I put the boot floppy in the A drive. Did a restart. BTW, I do get Windows - I can see everything on the desktop, but in the middle of the screen is a small window with the MS-DOS Prompt header on it. In the box is C:\> so I typed in A: after the c prompt. It thought a couple of seconds, then responded: Not ready reading drive A, Abort, Retry, Fail? I said retry several times, but it keeps coming back the same. I do have another PC, but I've never tried to take out the hard drive and put another in it's place. If I get adventurous this weekend when I have more time, I may give that a try. But when I put the flash drive in, it did recognize it, but when I tried to write to it, it said it wasn't formatted. Since it's got stuff on it now, I didn't want to mess it up, so I just said "forget it". I have another flash drive at work that I can bring home to try. That may not work either, but it's worth a try if I can save taking out the hard drive.


----------



## Bob Cerelli (Nov 3, 2002)

If you are booting to Windows why didn't you say that after I suggested copying the command.com file to the \windows directory? 

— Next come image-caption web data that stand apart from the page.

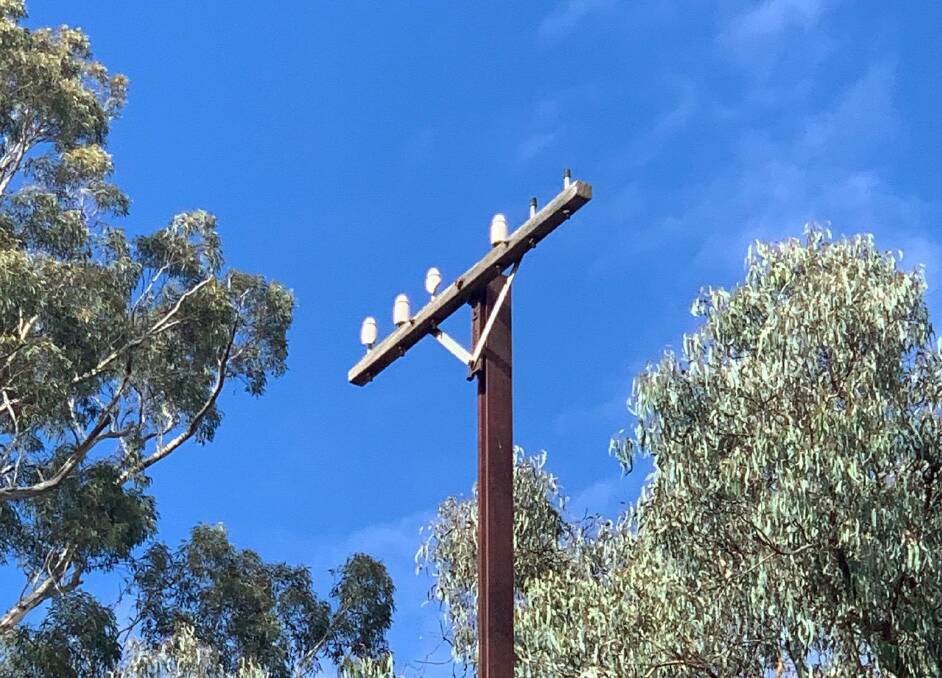 One of telegraph poles complete with porcelain insulators along the old railway line near Tuggeranong Railway Siding. Picture: Tim the Yowie Man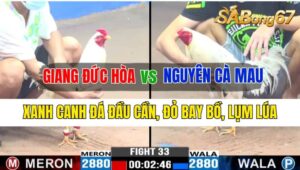 Trận 33 CPC3 12/10/2024 Anh Giang Đức Hòa Đá Xổ Anh Nguyên Cà Mau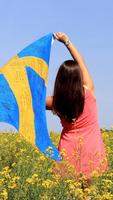 Sweden Wallpapers HD Affiche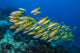 Golden-Lined Snapper in Raja Ampat, Indonesia Poster Print by Jennifer Idol
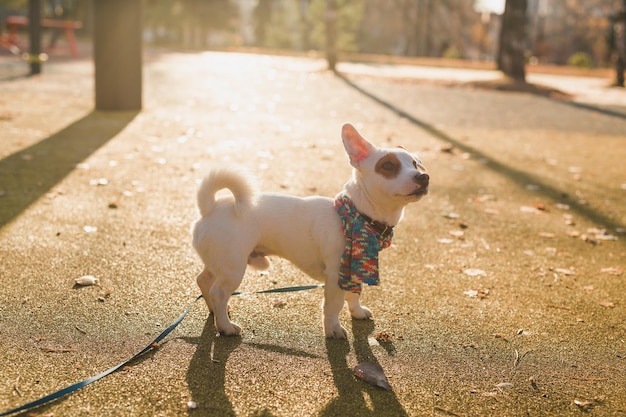 Portrait of cute jack russell dog in scarf walking in autumn park copy space and empty place for tex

All that is happening is that, after booting to Windows, the computer is running command.com. Run MSCONFIG, click on the Startup tab and uncheck that entry.

If you are typing in A: at that point, then you would need a floppy to read. But I don't think you need to. You are booting fine.


----------



## SupportChic (Jun 30, 2003)

Ooops! That would have caused an error, my apologies HowardsGma


----------



## HowardsGma (Apr 10, 2005)

I have always gotten Windows. I didn't bring it up because I merely said there was an error message popping up - didn't realize it would indicate to you I wasn't getting Windows. I know it's difficult to do this over the PC, and I appreciate your assistance and your patience - I obviously don't know a LOT about PC's. 

I am now in the System Configuration Utility on the Startup tab. I don't see anything in there about command.com. This is what I have checked in the startup tab:
ScanRegistry
PCHealth
AudioHQ
UpdReg
LoadQM
TaskMonitor
SystemTray
LoadPowerProfile
Norton Auto-Protect
tbps (there's no explanation of what that is under the "command" column, loaded from Registry (Machine Run)
autoupdate
TkBellExe
KavSvc
devldr16.exe
LoadPowerProfile (again)
SchedulingAgent
SSDPSRV
*StateMgr
ResolutionAssistant (loaded from startup group)
Cal reminder shortcut
Microsoft Office StartUp
nrna (loaded from startup group) command column says: nrna.exe (don't know what this is)
There are a lot of things in there that aren't checked too, but I'm not listing those. Thanks


----------



## Bob Cerelli (Nov 3, 2002)

To confirm what has happened so far.

Originally the computer would not boot with an error message about no c:\windows\command.com file

That file was copied from C:\command.com to c:\windows\command.com

After that it booted fine?

What else was done?

What is the problem at this point? Just the DOS window opening on the desktop?


----------



## HowardsGma (Apr 10, 2005)

The current problem is the DOS window opening at startup and having to be closed each time. However, just to be clear - I still have Windows, and the DOS window is in the middle of the screen (in front of the background).


----------



## Bob Cerelli (Nov 3, 2002)

As a test, what happens if you start in Safe Mode? Does the DOS window still come up?


----------



## HowardsGma (Apr 10, 2005)

no it does not come up in Safe Mode


----------



## Jesters Cap (May 26, 2006)

I hate to butt in, but I'm having the same message. I'm not able to reach Windows. Is it possible to use another HD with an active operating system and plug the faulty HD in as an E: drive?


----------



## Bob Cerelli (Nov 3, 2002)

Of all the solutions mentioned, what have you tried so far?


----------